A couple of years ago, I had the honor of publishing American Secession: The Looming Threat of a National Breakup by Frank Buckley, a prolific author and law professor at George Mason University. Buckley began by noting the obvious: that we in America are more divided now than at any time since the 1850s. We know how that Disunited States of America worked out, and the horror of the Civil War—what Buckley calls Secession 1.0—has led many of us to conclude that we’d put up with almost anything rather than risk a repeat of that disaster.

“Almost” anything.

Buckley does not predict a second American secession, exactly, but he shows, convincingly, I think, how it might come about. “The bitterness” of our life together, “the contempt for opponents, the growing tolerance of violence, all invite us to think that we’d all be happier were we two different countries.” There is something to that. And something to Buckley’s admonitory conclusion: “In all the ways that matter, save for the naked force of the law, we are already divided into two nations, just as much as in 1861.”

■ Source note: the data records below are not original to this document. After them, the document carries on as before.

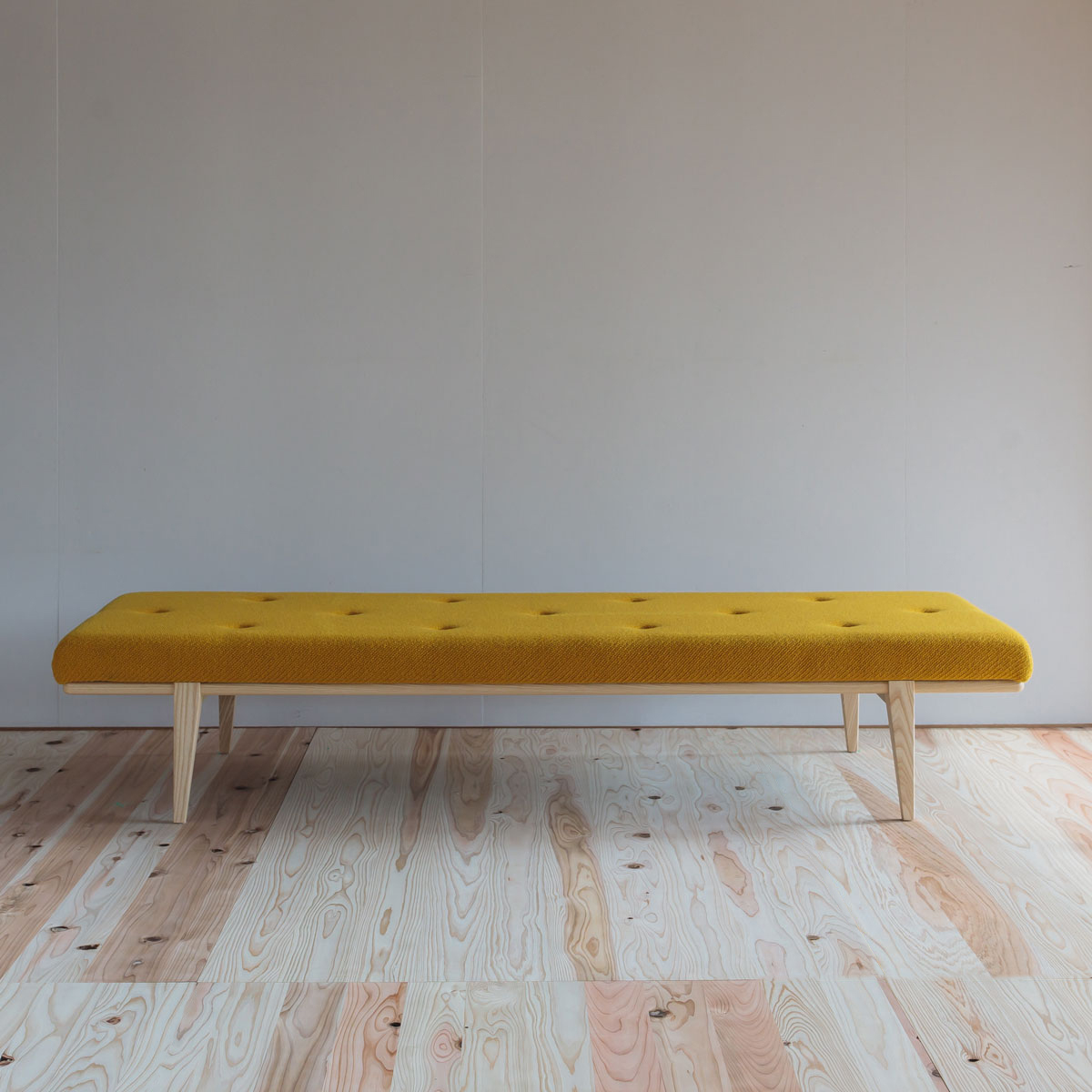 デイベッド デイベッド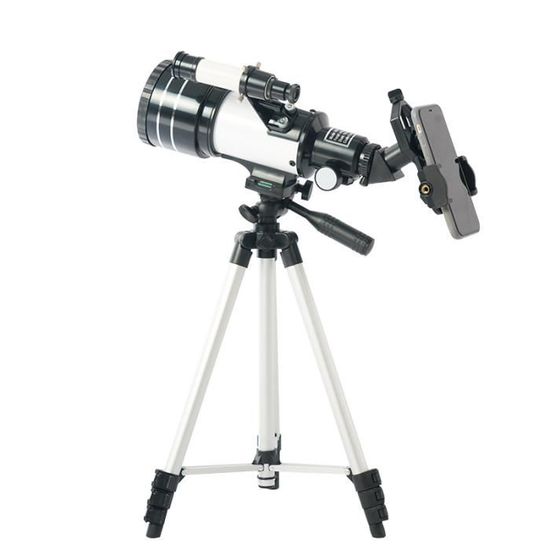 Télescope astronomique de Table de 70mm, télescope... - Grandado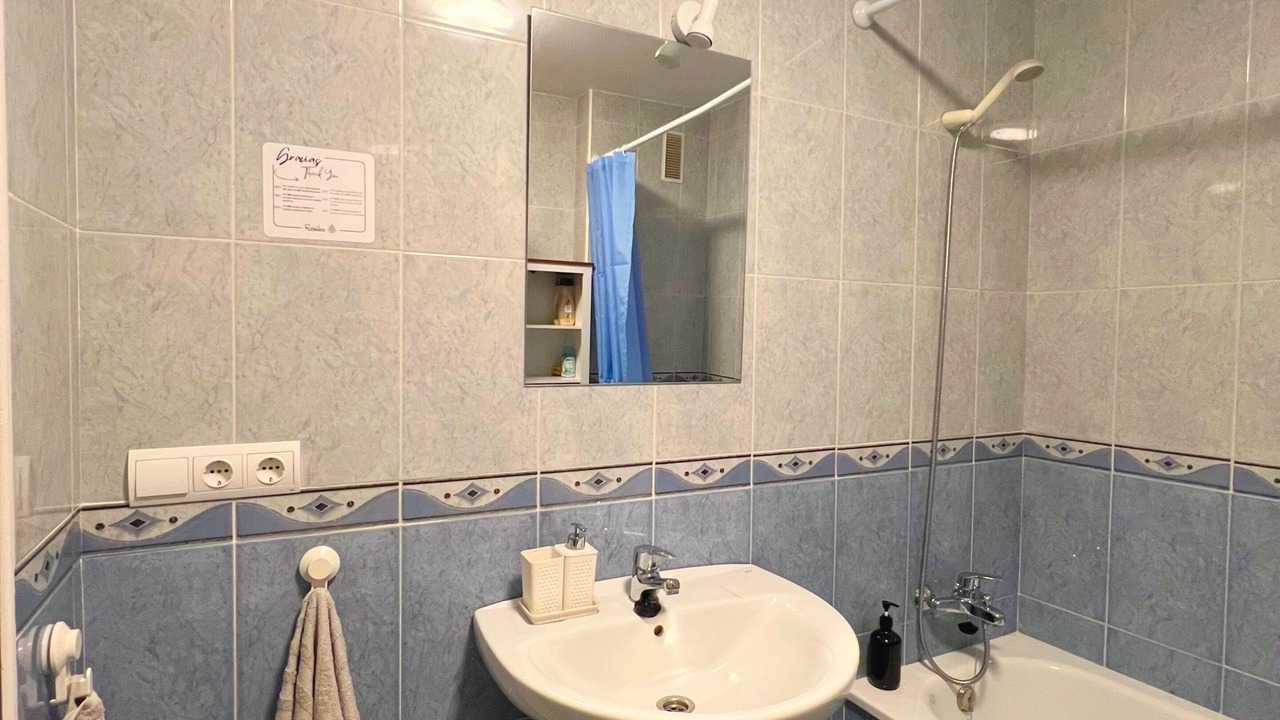 Photo of Bathroom in El Morche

I hesitate to spoil the ending, but it is probably worth noting that in the end, despite his warnings and various scenarios of how the divorce might happen, Buckley turns out, again like most (but not all of us) to be a unionist. The United States may be too big and too powerful for its own or anyone else’s good, but might, while it doesn’t make right, does or at least conduce to stability.

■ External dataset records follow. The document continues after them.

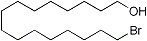 PI-21501 16-Bromo-1-hexadecanol (59101-28-9)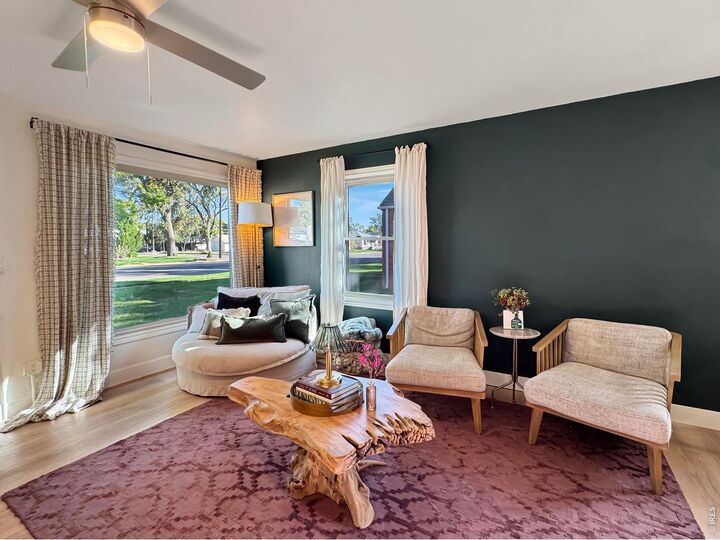 Property Photo: 605 Columbine St CO 80751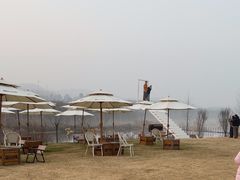 -天目湖涵田半山温泉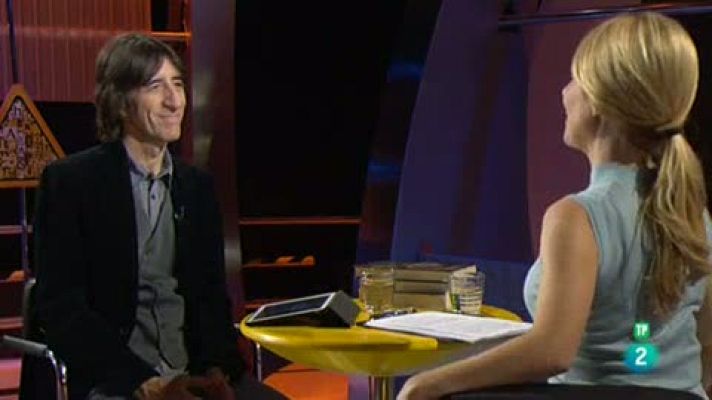 Las recomendaciones literarioas de Benjamín Prado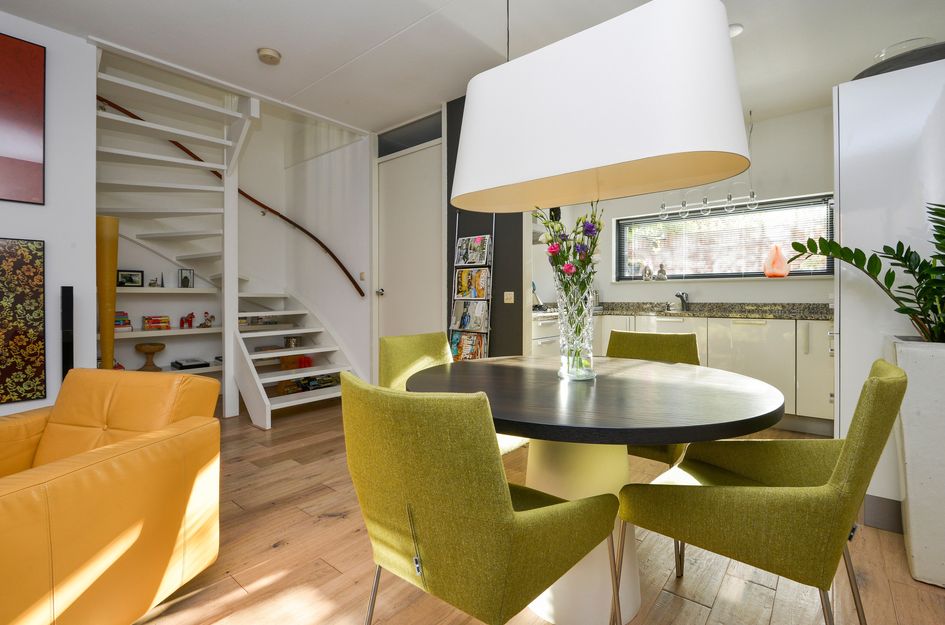Burgemeester Banisstraat 7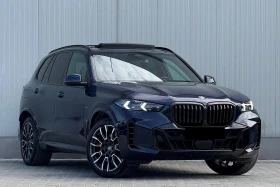 BMW X5 30d xDrive M Pack | Mobile.bg    2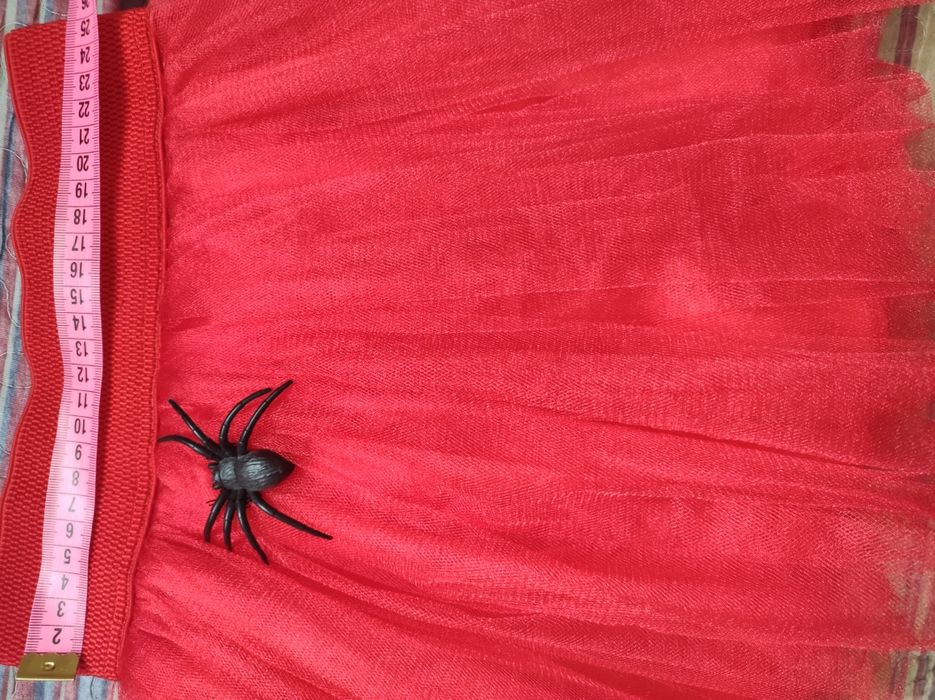 Спідниця дівчача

And consider the alternative world orders on offer: Communist China? Islamic fundamentalism? European socialism?

No thank you.

At the same time, some current events lead me to suspect that some of the scenarios Buckley imagines have a lot of divisive life left in them. At one point, he observes, “A state that uses every means at its disposal to neuter a federal law might render it unenforceable within its jurisdiction, at least until the Supreme Court is able to rule on the matter. That might be years later, however, and that may be all it takes, if during the interim a new president has been elected and the new administration takes the state’s view of the question.”

But that’s not the only eventuality. What is happening right now, today, in Texas with respect to the Southern border makes me wonder whether even the Supreme Court will have the final say if the volume and the animosity there increase. A recent news story tells us that the Texas attorney general has asked a judge to intervene against the Department of Homeland Security’s refusal to enforce the “remain in Mexico,” Trump era policy that allowed immigration to return “newly arrived illegal immigrants back across the border into Mexico to await their immigration court proceedings.”

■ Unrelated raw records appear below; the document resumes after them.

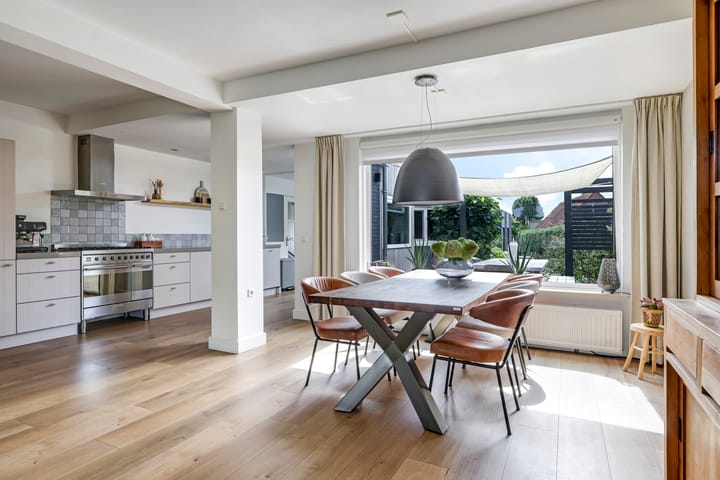 Photo 3 of Kastanjelaan 25-B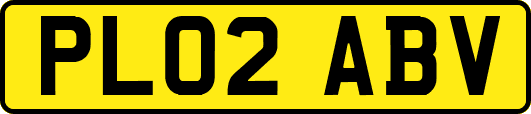 PL02ABV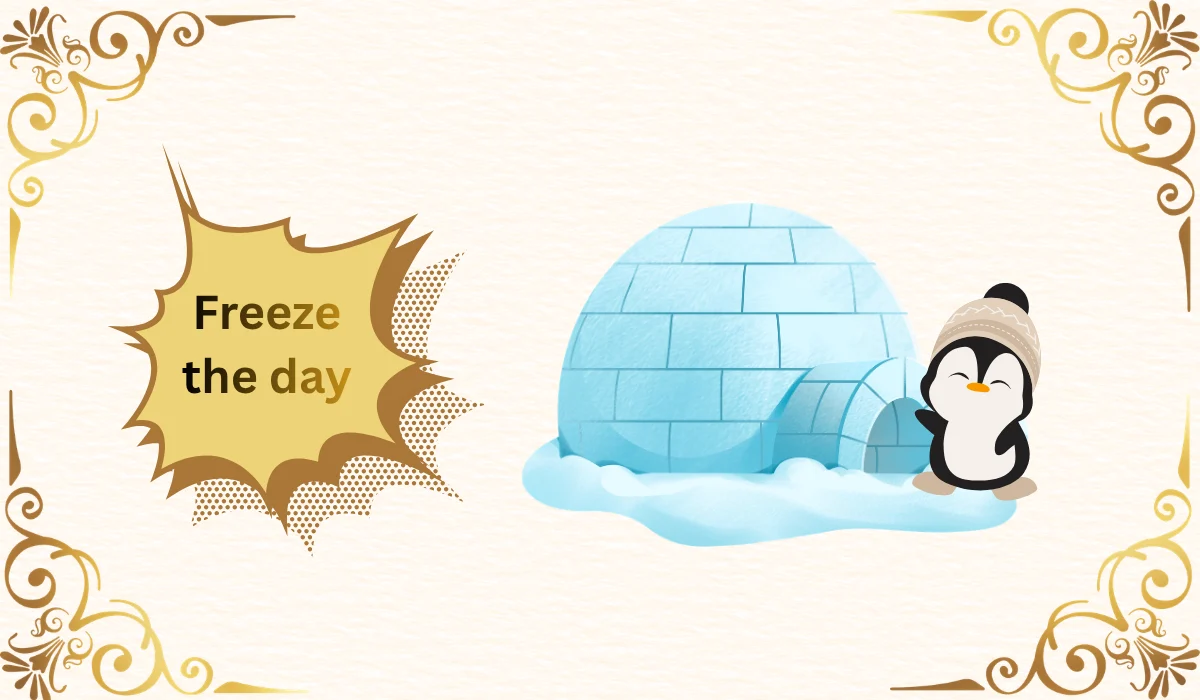 snow jokes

But imagine this. Imagine that the Supreme Court rules for the Biden Administration and Texas ignores the ruling. What then? Would Biden then seek to send federal troops to Texas to enforce the order? How do you suppose that would go down? (And how many troops do you suppose would obey the order?)

I do not expect it to come to that. I am not in favor of secession; but I do think we are rapidly approaching the situation described by those overused lines from Yeats’s “Second Coming”: “Things fall apart; the centre cannot hold;/ Mere anarchy is loosed upon the world, . . .”

And then?

The Improved Science of Politics

Thinking about our situation puts me in mind of Walter Bagehot’s cheery but clear-eyed masterpiece Physics and Politics (1872), a copiously annotated edition of which I edited and published some years ago. Bagehot traces the evolution of civilization from its rude and violent beginnings to his age, what he calls “the age of discussion,” when making a point typically counted for more in political life than the point of one’s sword.

The many centrifugal forces contending in our society today prompts me to reprise some thoughts about Bagehot’s recommendations for the preservation and extension of social comity.

By “discussion,” it should go without saying, Bagehot did not mean idle chitchat but robust, untrammeled inquiry about what Aristotle called “the good life for man.” What sort of regime is most likely to nurture the human attributes we value? How should we lead our lives? Where do our fundamental allegiances lie?

Serious talk—and serious thought—about such matters is integral to the metabolism of a free society. It provides the space where choice can blossom. Which is why strategies to quash discussion are inimical to freedom.

Given the astonishing recrudescence of multifarious efforts to disrupt the free flow of discussion—from the astringencies of political correctness to the minatory dicta of woke ideologues—it is worth stepping back to ponder the career of this subtle but enlivening pillar of liberty.

Let me start with the mouthful that is Bagehot’s subtitle for Physics and Politics: Thoughts on the Application of the Principles of “Natural Selection” and “Inheritance” to Political Society. By “physics” Bagehot meant not “physics” in our contemporary sense, but something closer to what the Germans mean by Wissenschaft: science, inquiry in its broadest sense. (Classicist that he was, he doubtless also had in mind the Greek word φύσις, “nature.”) By “politics,” Bagehot meant not only partisan politics in the modern sense but also, more broadly, the arrangements men make in order to live together with a modicum of peace.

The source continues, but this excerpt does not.